YOUR OBJECTIVE >> The requested output is every line from the one with "Militantes da UNITA" through the last line below, printed exactly.
BEGIN TASK INPUTS
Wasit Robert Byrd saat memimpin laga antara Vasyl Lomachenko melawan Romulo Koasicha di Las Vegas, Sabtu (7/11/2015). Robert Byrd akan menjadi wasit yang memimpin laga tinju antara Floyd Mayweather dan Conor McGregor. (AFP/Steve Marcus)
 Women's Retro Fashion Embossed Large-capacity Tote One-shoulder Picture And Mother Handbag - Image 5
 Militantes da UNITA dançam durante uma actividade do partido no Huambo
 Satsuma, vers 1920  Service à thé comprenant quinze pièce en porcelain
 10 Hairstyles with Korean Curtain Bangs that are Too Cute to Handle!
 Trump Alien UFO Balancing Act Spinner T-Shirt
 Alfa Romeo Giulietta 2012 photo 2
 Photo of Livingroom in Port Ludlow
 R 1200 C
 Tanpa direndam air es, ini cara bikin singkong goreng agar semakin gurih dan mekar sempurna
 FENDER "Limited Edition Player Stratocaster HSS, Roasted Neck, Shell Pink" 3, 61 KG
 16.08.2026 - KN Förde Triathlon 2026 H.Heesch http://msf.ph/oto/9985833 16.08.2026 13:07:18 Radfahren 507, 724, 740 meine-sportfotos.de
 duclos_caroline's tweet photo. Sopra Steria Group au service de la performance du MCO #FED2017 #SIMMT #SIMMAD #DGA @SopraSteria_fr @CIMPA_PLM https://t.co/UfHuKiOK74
END TASK INPUTS
YOUR SOLUTION >>
 Militantes da UNITA dançam durante uma actividade do partido no Huambo
 Satsuma, vers 1920  Service à thé comprenant quinze pièce en porcelain
 10 Hairstyles with Korean Curtain Bangs that are Too Cute to Handle!
 Trump Alien UFO Balancing Act Spinner T-Shirt
 Alfa Romeo Giulietta 2012 photo 2
 Photo of Livingroom in Port Ludlow
 R 1200 C
 Tanpa direndam air es, ini cara bikin singkong goreng agar semakin gurih dan mekar sempurna
 FENDER "Limited Edition Player Stratocaster HSS, Roasted Neck, Shell Pink" 3, 61 KG
 16.08.2026 - KN Förde Triathlon 2026 H.Heesch http://msf.ph/oto/9985833 16.08.2026 13:07:18 Radfahren 507, 724, 740 meine-sportfotos.de
 duclos_caroline's tweet photo. Sopra Steria Group au service de la performance du MCO #FED2017 #SIMMT #SIMMAD #DGA @SopraSteria_fr @CIMPA_PLM https://t.co/UfHuKiOK74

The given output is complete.